Copy out nothing but the lines from the one holding "Punkten für Oklahoma." through the end of the entries below, exactly as written and without the pictures.
• • • • • • •
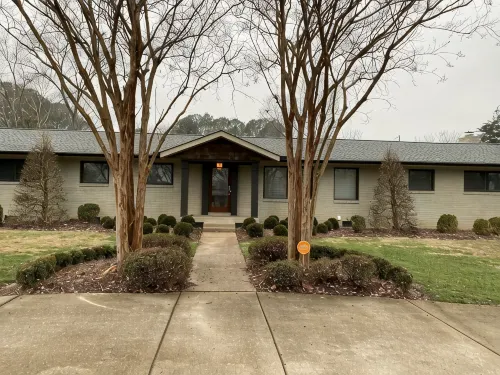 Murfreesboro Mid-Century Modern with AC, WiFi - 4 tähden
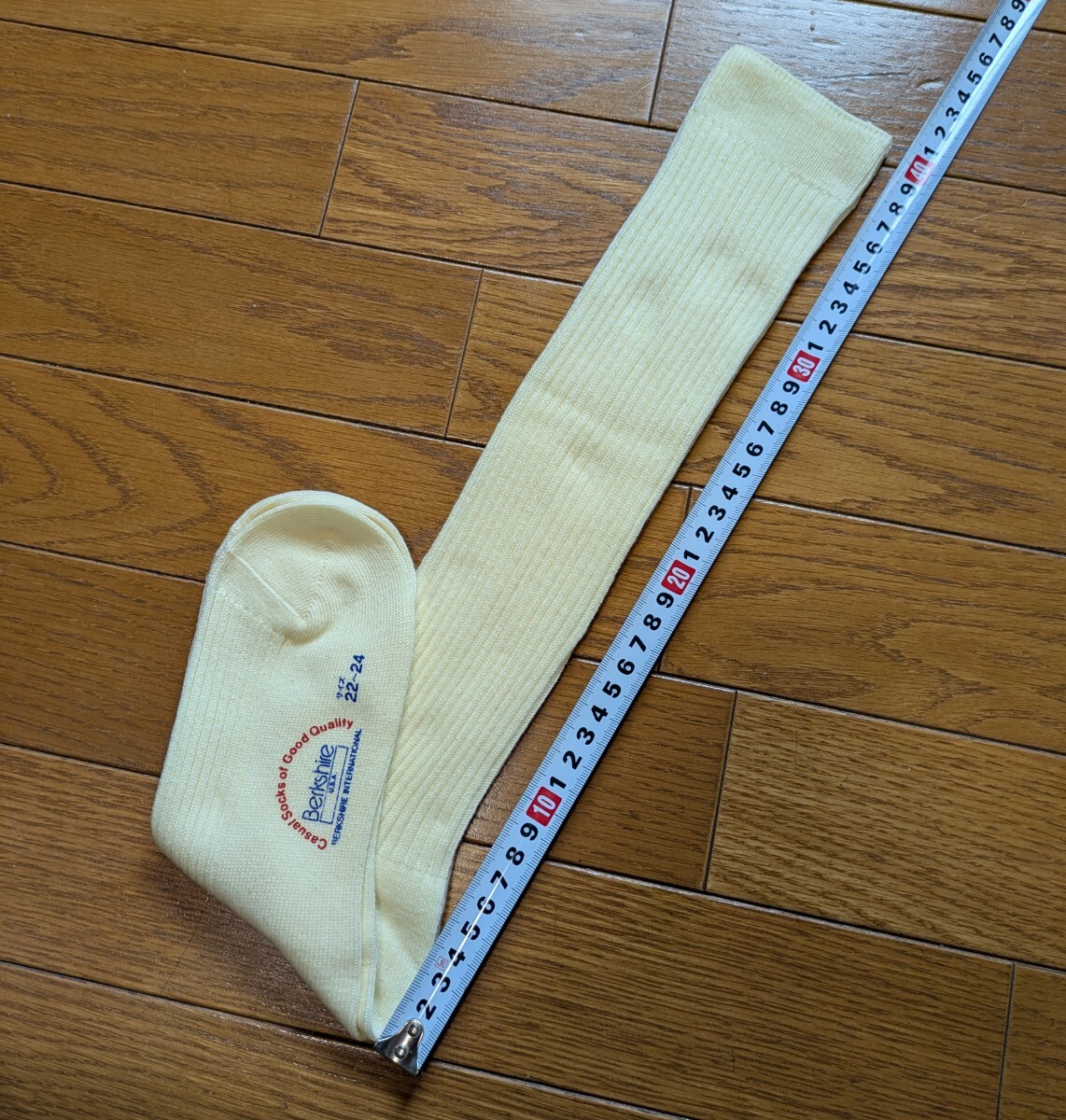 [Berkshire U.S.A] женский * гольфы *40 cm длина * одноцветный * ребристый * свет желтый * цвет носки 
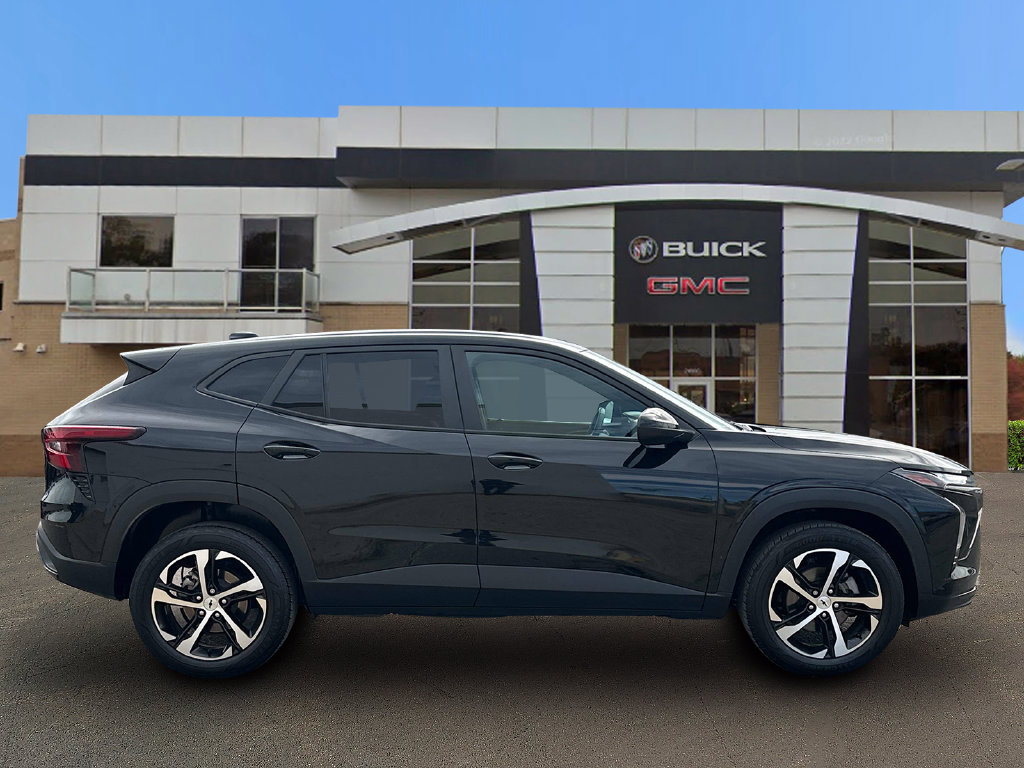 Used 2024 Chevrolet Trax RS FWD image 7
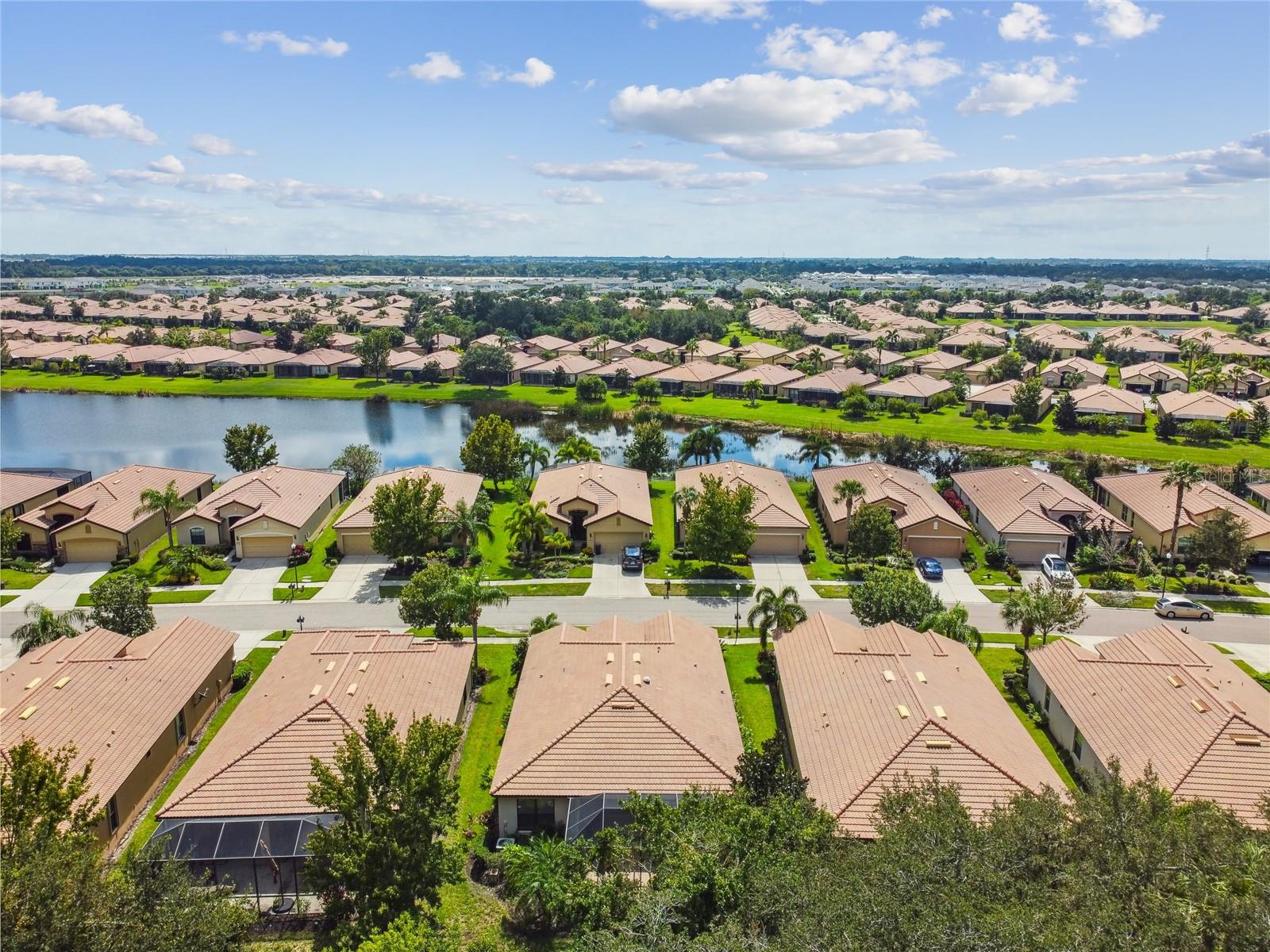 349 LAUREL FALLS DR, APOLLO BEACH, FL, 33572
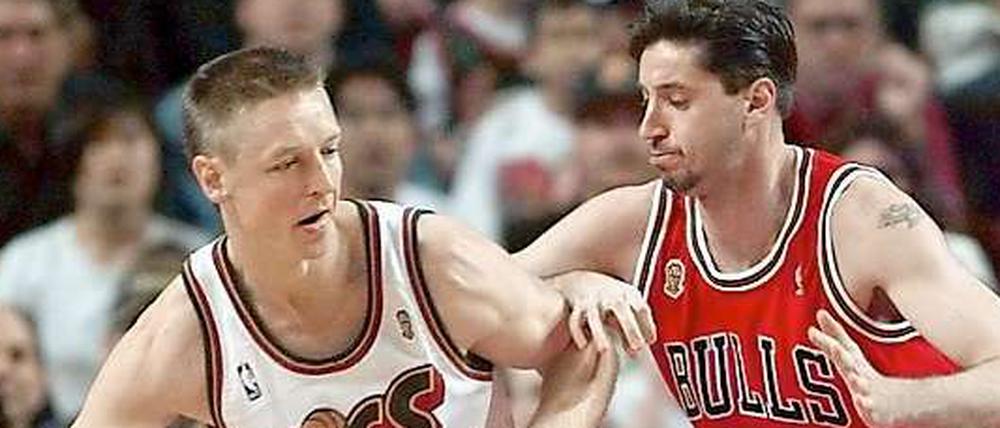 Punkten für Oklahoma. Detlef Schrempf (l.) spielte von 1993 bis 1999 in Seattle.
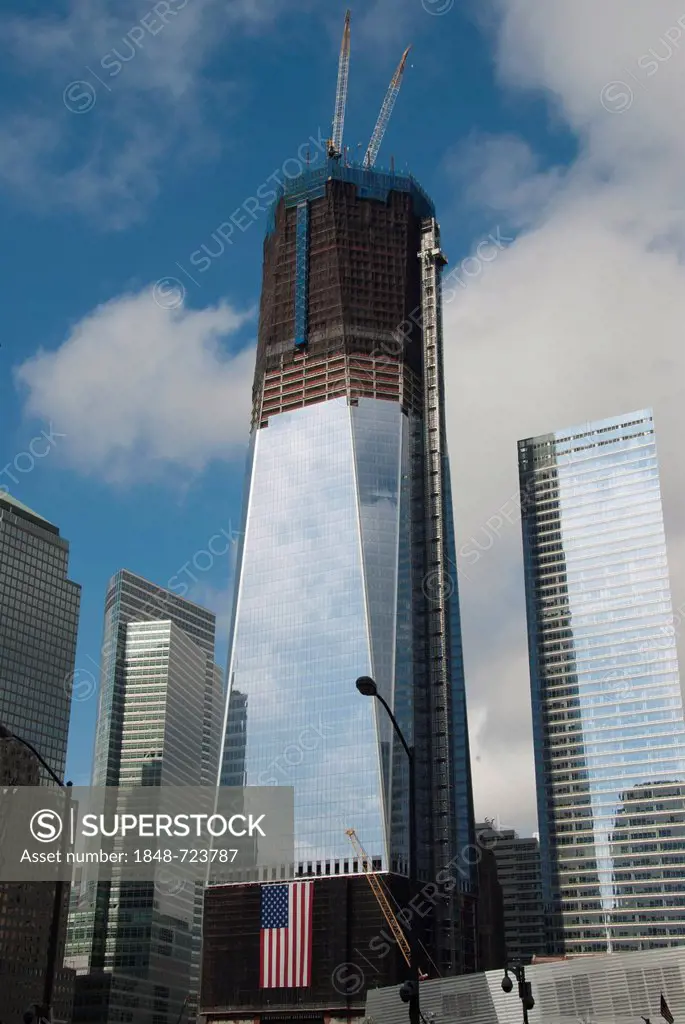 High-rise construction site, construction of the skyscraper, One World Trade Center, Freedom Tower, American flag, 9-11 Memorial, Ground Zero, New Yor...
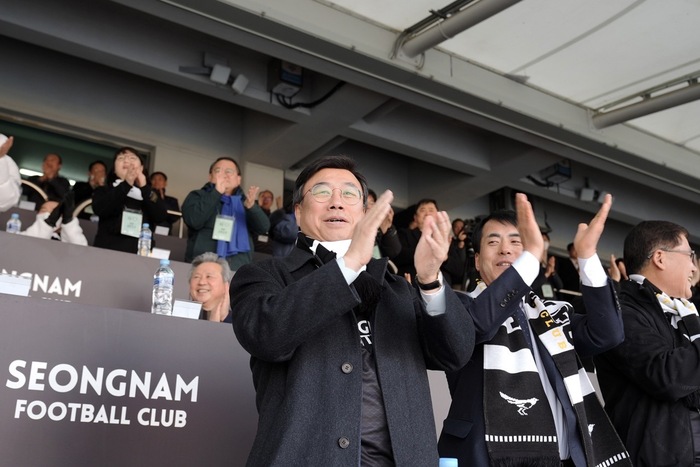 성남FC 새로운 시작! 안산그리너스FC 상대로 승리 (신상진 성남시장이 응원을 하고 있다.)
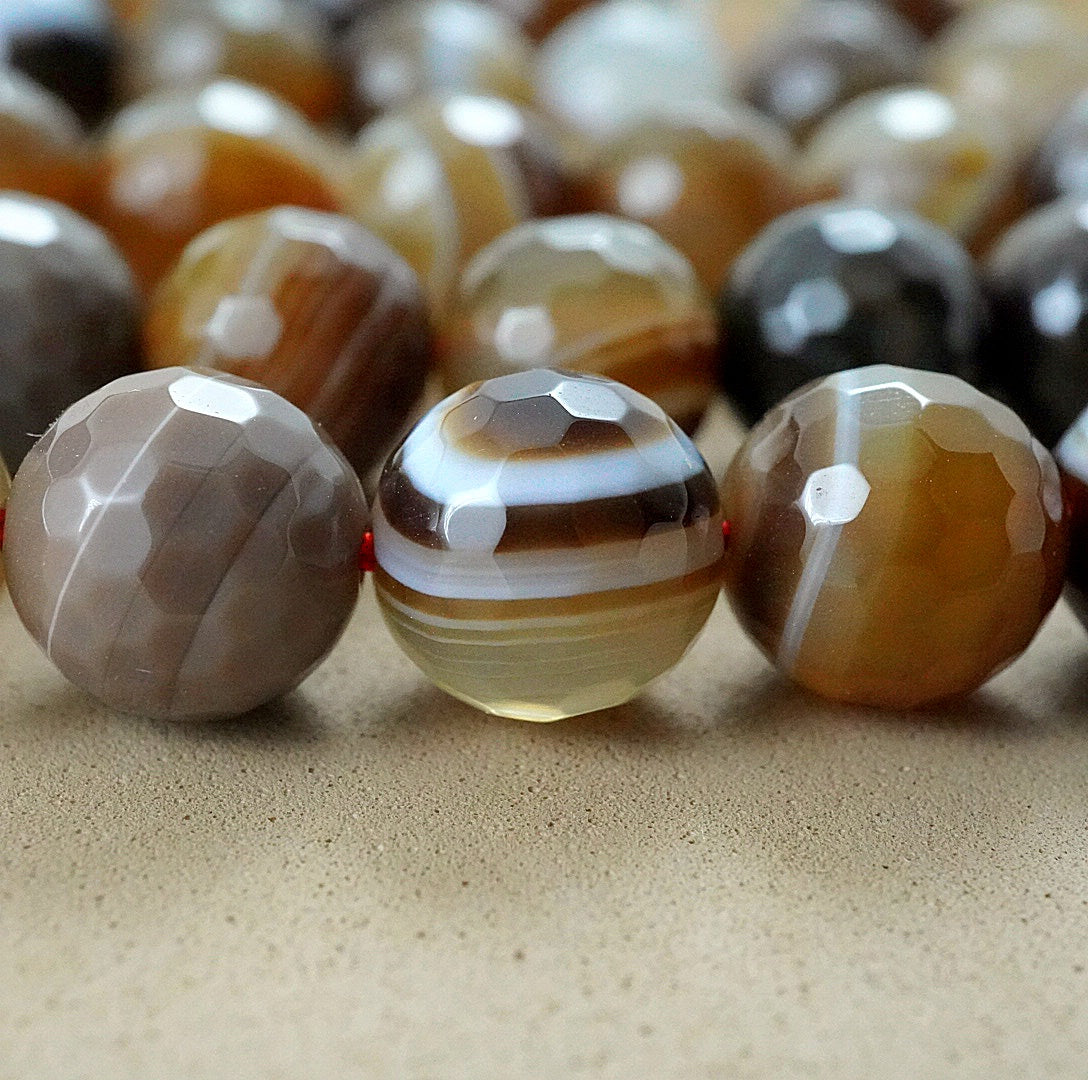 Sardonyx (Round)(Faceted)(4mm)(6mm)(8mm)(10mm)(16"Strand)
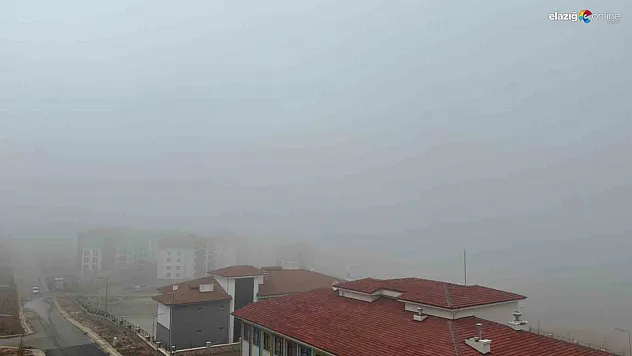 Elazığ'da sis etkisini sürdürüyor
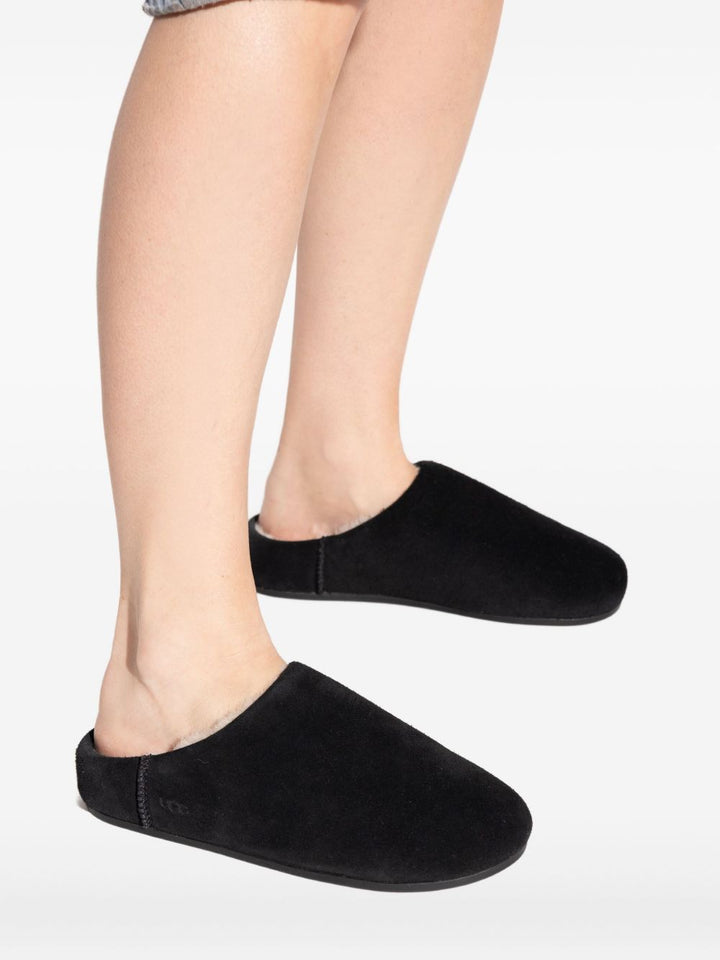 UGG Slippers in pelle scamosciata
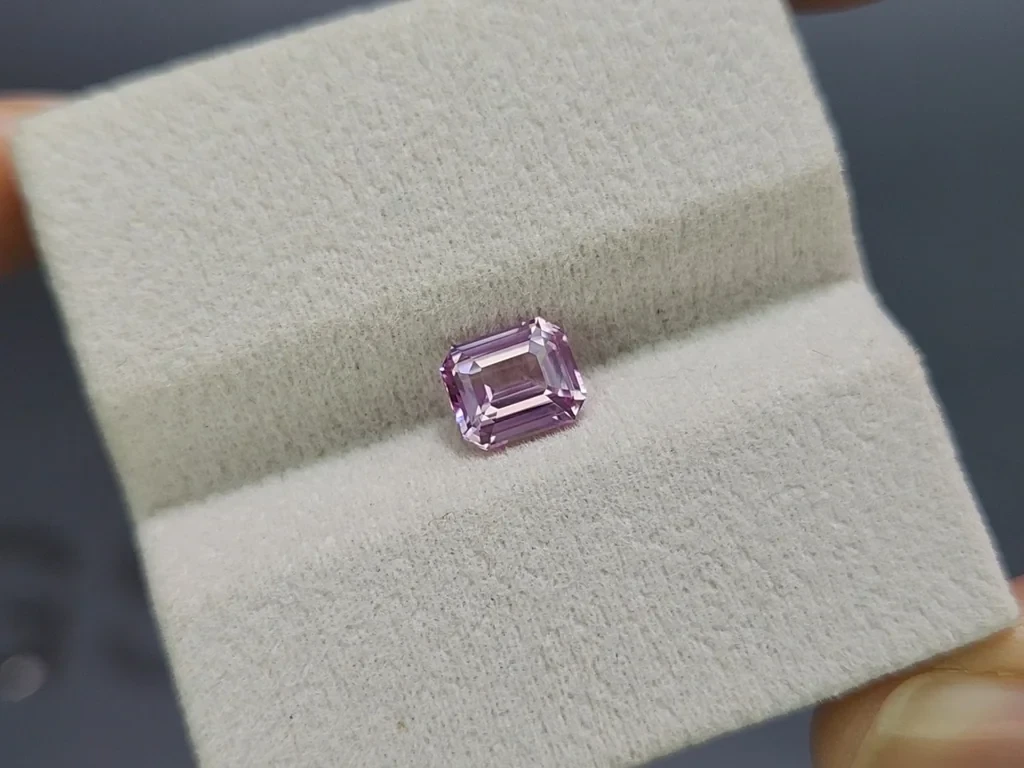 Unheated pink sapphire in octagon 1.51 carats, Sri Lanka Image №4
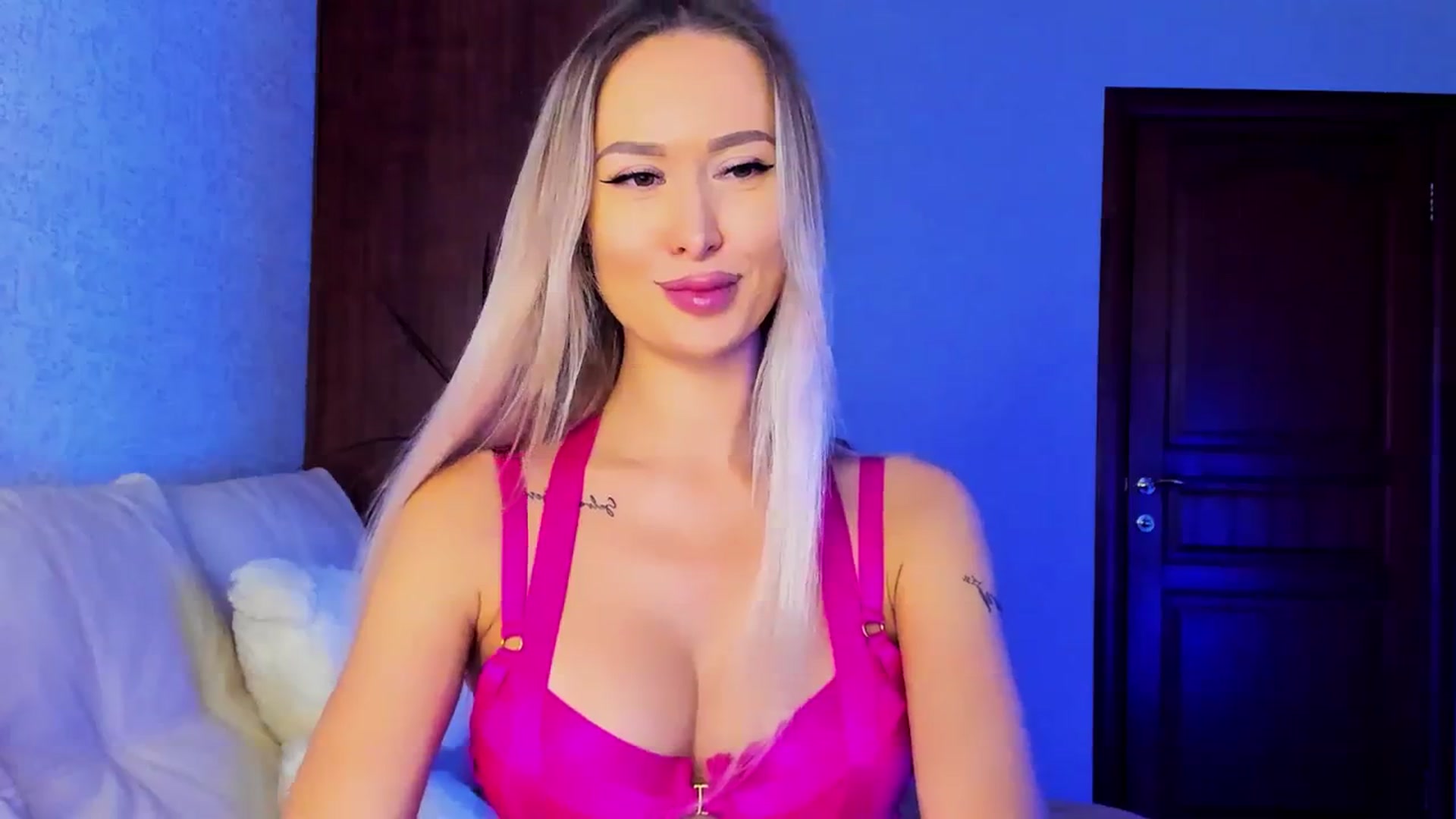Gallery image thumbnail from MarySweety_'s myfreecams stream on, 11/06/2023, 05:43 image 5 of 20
• • • • • • •
Final answer =>
 Punkten für Oklahoma. Detlef Schrempf (l.) spielte von 1993 bis 1999 in Seattle.
 High-rise construction site, construction of the skyscraper, One World Trade Center, Freedom Tower, American flag, 9-11 Memorial, Ground Zero, New Yor...
 성남FC 새로운 시작! 안산그리너스FC 상대로 승리 (신상진 성남시장이 응원을 하고 있다.)
 Sardonyx (Round)(Faceted)(4mm)(6mm)(8mm)(10mm)(16"Strand)
 Elazığ'da sis etkisini sürdürüyor
 UGG Slippers in pelle scamosciata
 Unheated pink sapphire in octagon 1.51 carats, Sri Lanka Image №4
Gallery image thumbnail from MarySweety_'s myfreecams stream on, 11/06/2023, 05:43 image 5 of 20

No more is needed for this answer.